Is it time to talk about the domestic abuse aspect of the O.J. Simpson case?

I have been meaning to write this post for some time, but only got to it now for unexplainable reasons. I am sure that you have found your way to this post because you have some sort of interest about the whole O.J. Simpson case, and (like me) were probably OBSESSED once the tv show “The People vs. O.J.” came out, and everything that transpired after that. I went on to watch documentaries like “O.J.: Made in America” and anything I could find on youtube.

This case had everything to make is appealing to the masses; race, celebrity, sports, patriarchal patterns (in and out of the court room), love, jealousy….and something else that i feel like I am forgetting…. It is at the tip of my tongue…  OH YEA….domestic abuse!! How silly of me to overlook the thing that started this whole mess, right!?!

This reason for my sarcastic remark above is because I feel that the whole domestic abuse part was as overshadowed as Ron Goldman in this case. Even til this day, when talking about the O.J. case, people do not talk about his psychopathic patterns leading up to his crime, they either talk about the gory details of the murder and his guilt as it pertains to the evidence, the Kardashians, and the race element that played a strooooong part in getting him off as innocent.

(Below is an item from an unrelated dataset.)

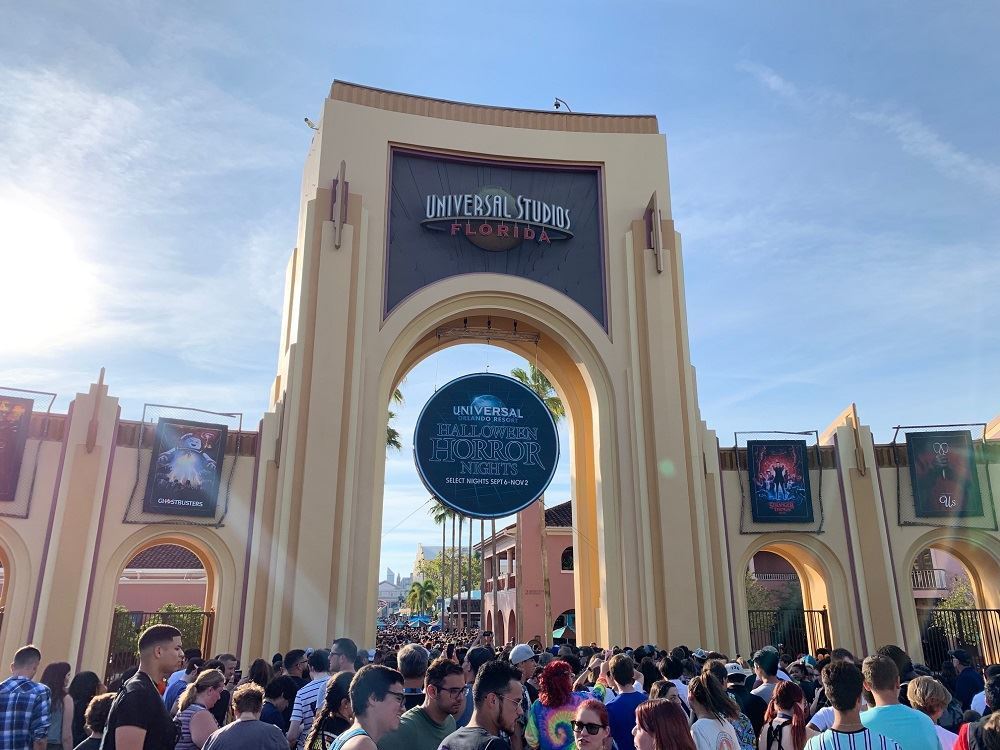 Universal Cancels Halloween Horror Nights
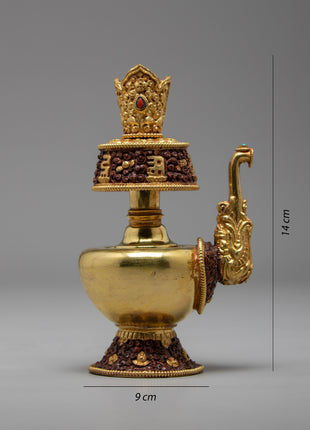 Purification Chegumba Set | Vintage Vase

When I look at what lead up to the events though, I also see some serious learning opportunities about the patterns of domestic abuse manifested in the form of intense “love” to one another. Before getting into my point, lets define what Domestic Abuse is:

What is Domestic Abuse?

Lets get into a definition of domestic abuse, according to the Department of Justice:

We define domestic violence as a pattern of abusive behavior in any relationship that is used by one partner to gain or maintain power and control over another intimate partner.  Domestic violence can be physical, sexual, emotional, economic, or psychological actions or threats of actions that influence another person. This includes any behaviors that intimidate, manipulate, humiliate, isolate, frighten, terrorize, coerce, threaten, blame, hurt, injure, or wound someone.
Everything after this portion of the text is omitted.